**WORK TO COMPLETE:** Every entry that follows should be repeated exactly; drop the images.

**AVAILABLE DATA:**
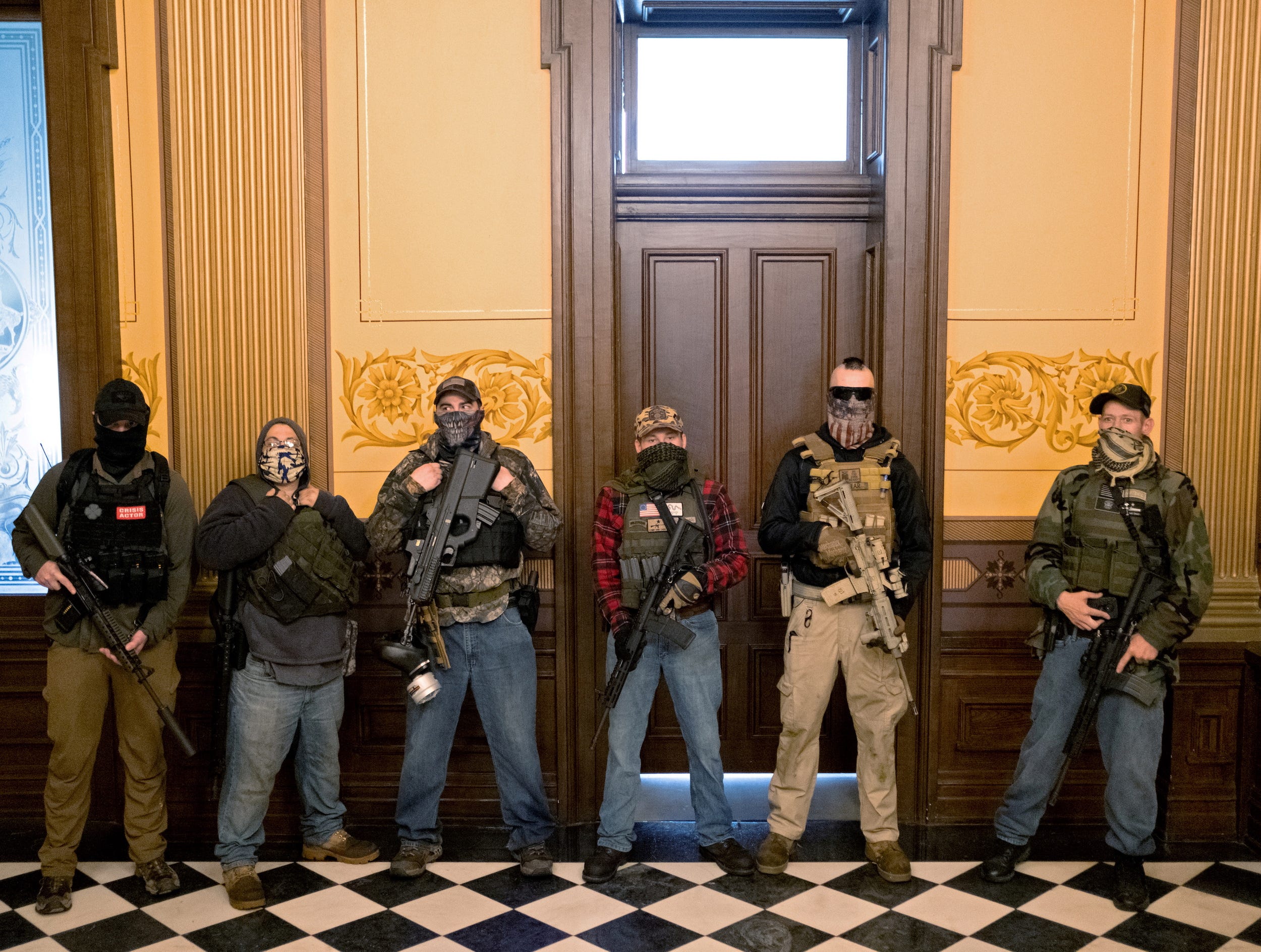 militia group with no political affiliation from Michigan, including Joseph Morrison (3rd R), Paul Bellar (2nd R) and Pete Musico (R) who were charged for their involvement in a plot to kidnap Michigan Governor Gretchen Whitmer, attack the state capitol building and incite violence, stand in front of the governor's office after protesters occupied the state capitol building during a vote to approve the extension of Whitmer's emergency declaration/stay-at-home order due to the coronavirus disease (COVID-19) outbreak, in Lansing, Michigan, U.S. April 30, 2020.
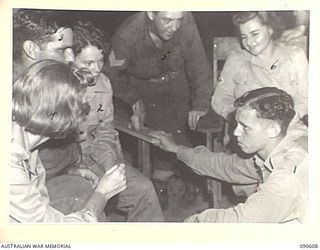 TOROKINA, BOUGAINVILLE. 1945-04-12/13. FORTY-FIVE MEMBERS OF 7 FIELD AMBULANCE STAGED A CONCERT FOR THE ENTERTAINMENT OF UNIT PERSONNEL, PATIENTS AND NEARBY UNITS. HERE PRIVATE R. MCDERMANT, ..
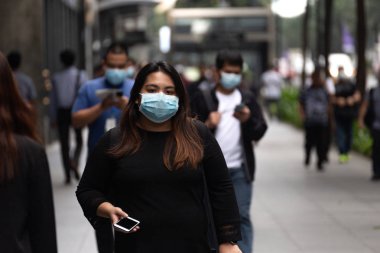 Manila, Philippines - February, 3, 2020: Filipino woman in the street wear mask against virus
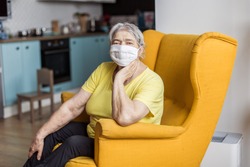 senior old woman in mask quarantine europe. Elderly at risk for coronavirus covid-19. Stay at home. Chinese virus pneumonia pandemic protection grandmother. danger of getting infected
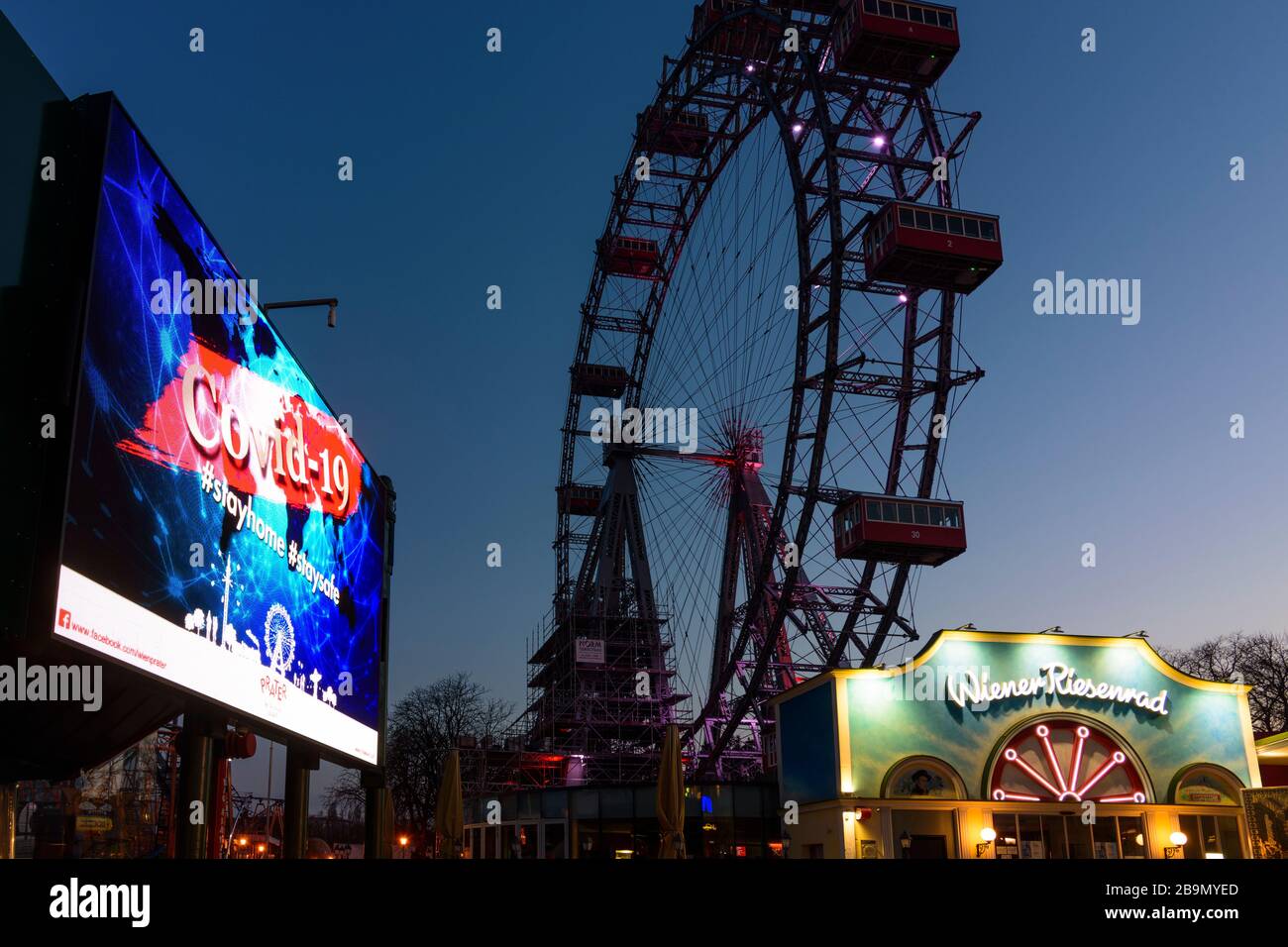 Wien, Vienna: information video wall with COVID-19 warning, Ferris Wheel at Prater closed due to corona virus (COVID-19), in 02. Leopoldstadt, Wien, A Stock Photo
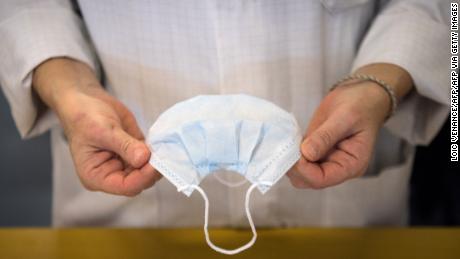 As coronavirus spreads, suppliers are rationing face masks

**EXERCISE SOLUTION:**
 militia group with no political affiliation from Michigan, including Joseph Morrison (3rd R), Paul Bellar (2nd R) and Pete Musico (R) who were charged for their involvement in a plot to kidnap Michigan Governor Gretchen Whitmer, attack the state capitol building and incite violence, stand in front of the governor's office after protesters occupied the state capitol building during a vote to approve the extension of Whitmer's emergency declaration/stay-at-home order due to the coronavirus disease (COVID-19) outbreak, in Lansing, Michigan, U.S. April 30, 2020.
 TOROKINA, BOUGAINVILLE. 1945-04-12/13. FORTY-FIVE MEMBERS OF 7 FIELD AMBULANCE STAGED A CONCERT FOR THE ENTERTAINMENT OF UNIT PERSONNEL, PATIENTS AND NEARBY UNITS. HERE PRIVATE R. MCDERMANT, ..
 Manila, Philippines - February, 3, 2020: Filipino woman in the street wear mask against virus
 senior old woman in mask quarantine europe. Elderly at risk for coronavirus covid-19. Stay at home. Chinese virus pneumonia pandemic protection grandmother. danger of getting infected
 Wien, Vienna: information video wall with COVID-19 warning, Ferris Wheel at Prater closed due to corona virus (COVID-19), in 02. Leopoldstadt, Wien, A Stock Photo
 As coronavirus spreads, suppliers are rationing face masks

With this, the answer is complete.